# Exercise description
Transcribe all of the data exactly. Omit the pictures.

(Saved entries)
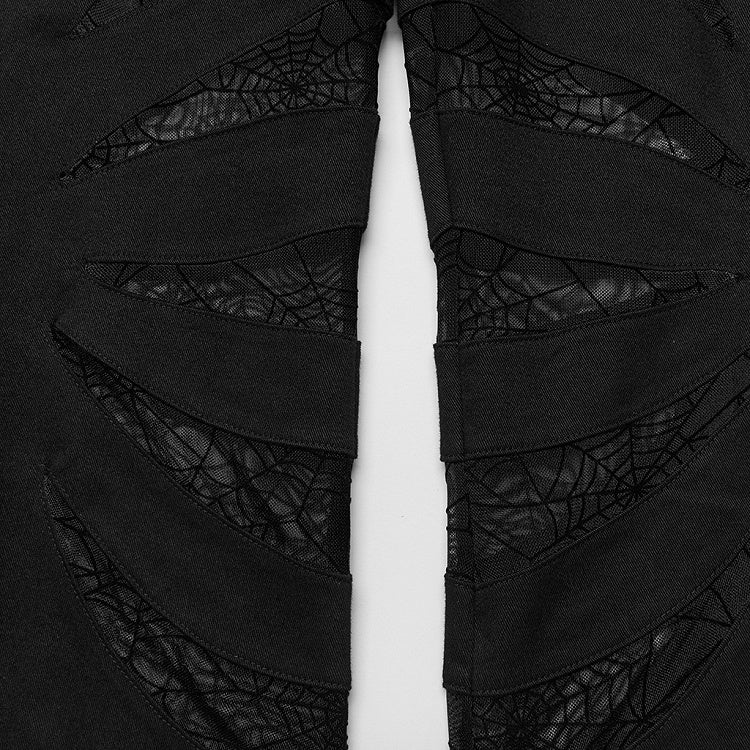 Black Goth Pointed Flared Trousers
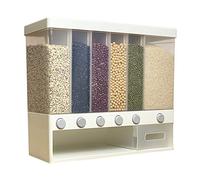 JKHK Cereal Dispenser,Wall-Mounted Dry Food Dispenser Rice Bucket Multi Compartments Automatic Metering Storage Box Sealed Grain Container for Home Kitchen Counter Tops Restaurant Use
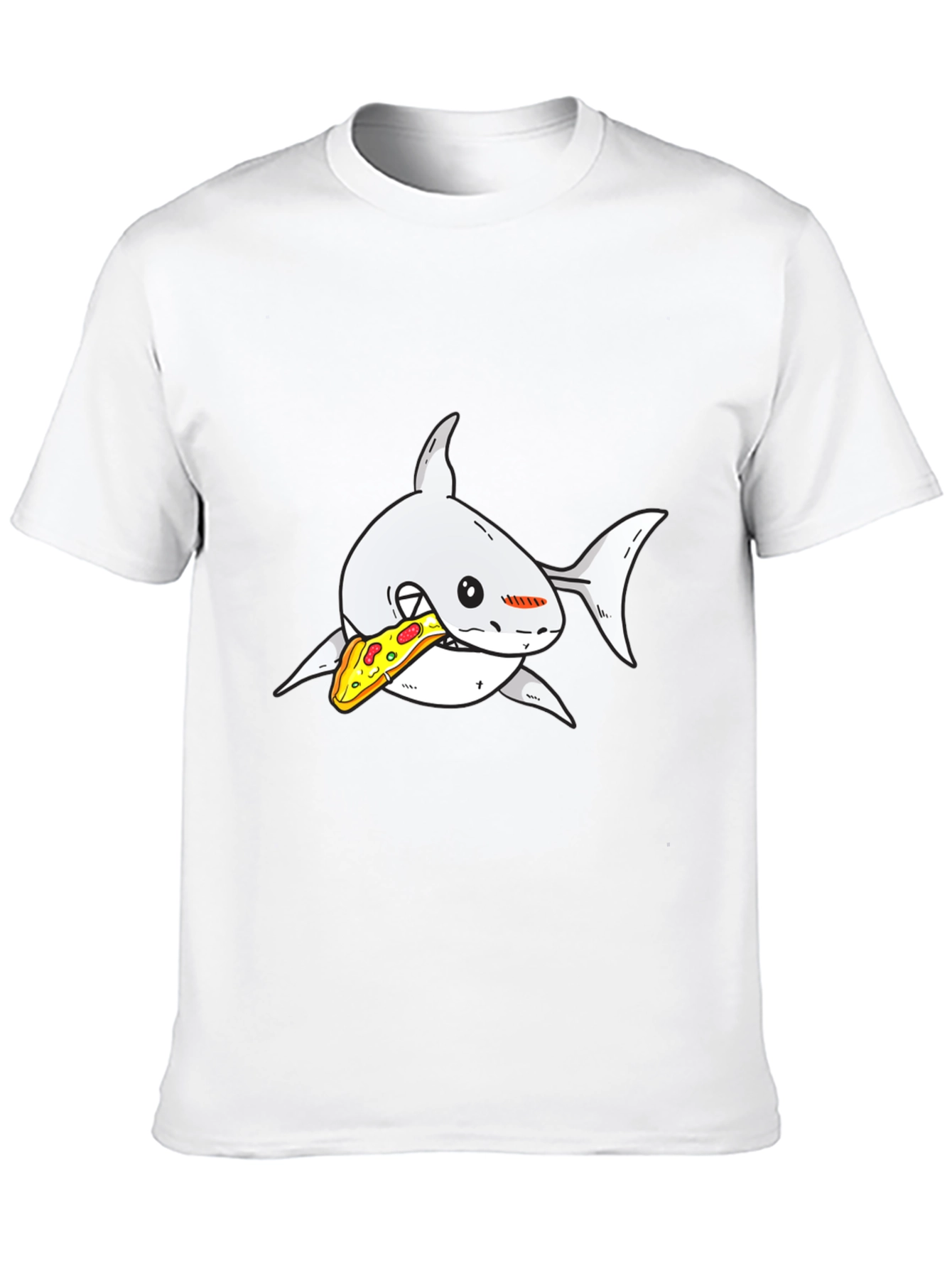 Shark Pizza Graphic Tee - Black Cotton T-Shirt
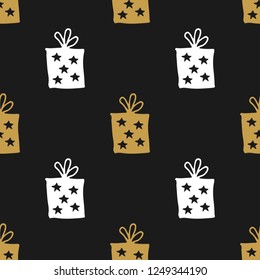 Gift Seamless Pattern, hand drawn gift boxes doodles background, Vector Illustration.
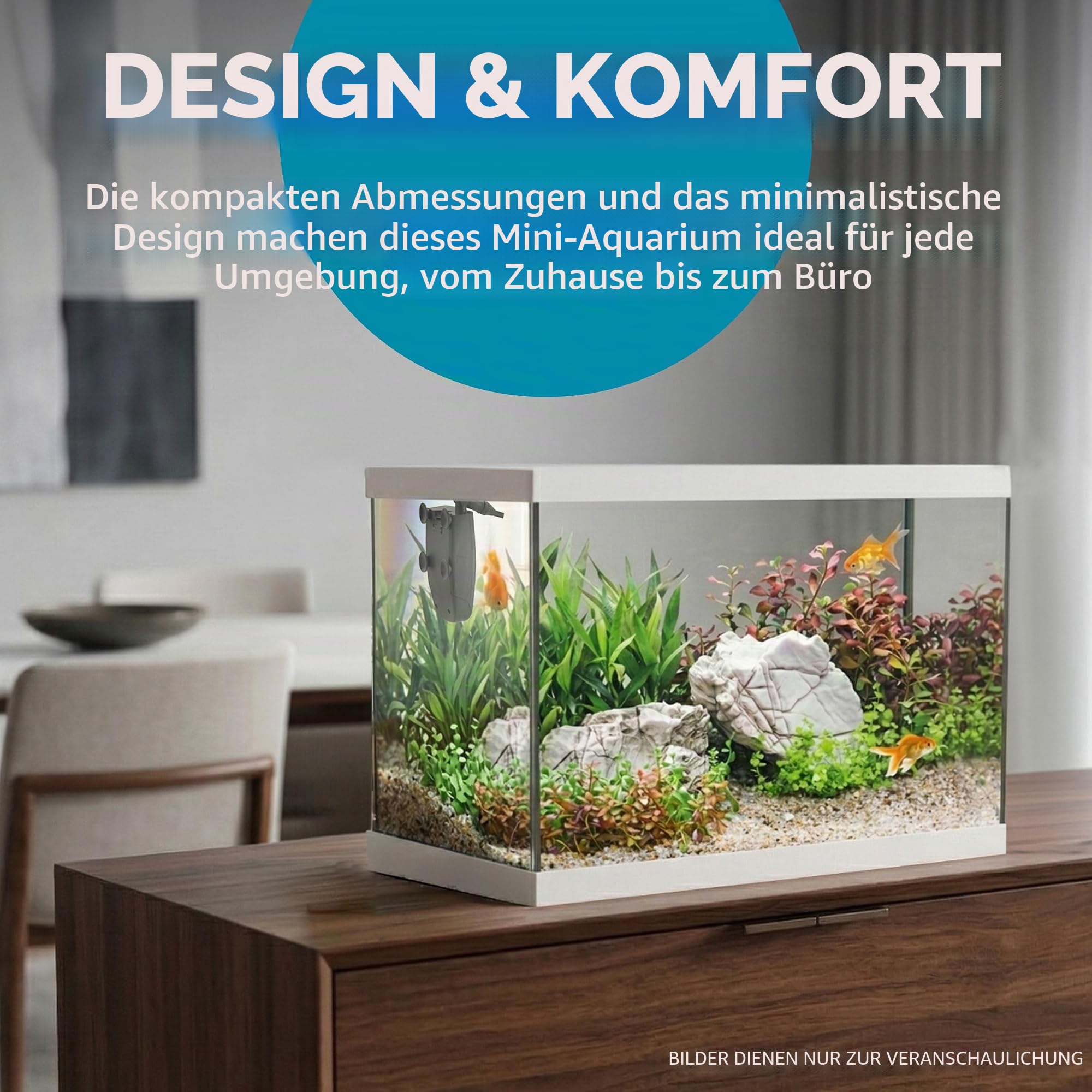 AQPET One Mini Aquarium aus Glas weiß 20 Liter - komplettes Aquarium mit Innenfilter, Sand, Zierpflanze und Hintergrund - Elegantes Design 36x22x26 cm, ideal für Anfänger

# Answer box
 Black Goth Pointed Flared Trousers
 JKHK Cereal Dispenser,Wall-Mounted Dry Food Dispenser Rice Bucket Multi Compartments Automatic Metering Storage Box Sealed Grain Container for Home Kitchen Counter Tops Restaurant Use
 Shark Pizza Graphic Tee - Black Cotton T-Shirt
 Gift Seamless Pattern, hand drawn gift boxes doodles background, Vector Illustration.
 AQPET One Mini Aquarium aus Glas weiß 20 Liter - komplettes Aquarium mit Innenfilter, Sand, Zierpflanze und Hintergrund - Elegantes Design 36x22x26 cm, ideal für Anfänger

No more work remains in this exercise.